Designing Realtime Systems & Embedded Systems

1. Designing Realtime Systems & Embedded Systems B. Ramamurthy CSE 321

2. The course will enable you to: • Understand and design embedded systems and real-time systems • For real-time systems: • Identify the unique characteristics of real-time systems • Explain the general structure of a real-time system • Define the design problems and challenges of real-time systems • Apply real-time systems design techniques to various software programs.

3. Course overview • For embedded systems it will enable you to : • Understand the basics of an embedded system • Program an embedded system • Design, implement and test an embedded system. • Ex: realtime + embedded : heart pacemaker • Ex: realtime: online video games

4. Global Embedded Systems Market Global Embedded Systems Market, 2003-2009($ Millions): Source BBC Inc. • http://www.the-infoshop.com/study/bc31319-embedded-systems.html

5. Example real-time and embedded systems

6. Lets discuss some realtime system (RTS) characteristics

7. Realtime Characteristics • RTS have to respond to events in a certain pre-detemined amount of time. • The time constraints have to be considered during planning, design, implementation and testing phases. • Internal failures due to software and hardware fault have be handled satisfactorily. • You cannot simply pop-up a dialog error box that says “send report” or “don’t send report”. • Also external failures due to outside sources need to be handled.

8. Realtime Characteristics (contd.) • Typical interaction in an RTS is asynchronous.
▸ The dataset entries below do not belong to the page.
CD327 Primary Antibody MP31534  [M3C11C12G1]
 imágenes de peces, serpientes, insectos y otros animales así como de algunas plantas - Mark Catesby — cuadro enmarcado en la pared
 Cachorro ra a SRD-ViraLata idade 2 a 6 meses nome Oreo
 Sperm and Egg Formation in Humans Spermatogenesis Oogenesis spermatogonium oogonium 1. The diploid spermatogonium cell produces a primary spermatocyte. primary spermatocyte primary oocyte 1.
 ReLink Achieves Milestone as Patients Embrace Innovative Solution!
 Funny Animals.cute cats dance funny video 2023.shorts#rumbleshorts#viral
Thus an RTS should have features to handle asynchronous events such as interrupt handlers and dispatcher and associated resources. • Potential for race condition: when state of resources are timing dependent race condition may occur. • Periodic tasks are common.

9. Embedded System • Is a special purpose system designed to perform a few dedicated functions. • Small foot prints (in memory) • Highly optimized code • Cell phones, mp3 players are examples. • The components in an mp3 player are highly optimized for storage operations. (For example, no need to have a floating point operation on an mp3 player!)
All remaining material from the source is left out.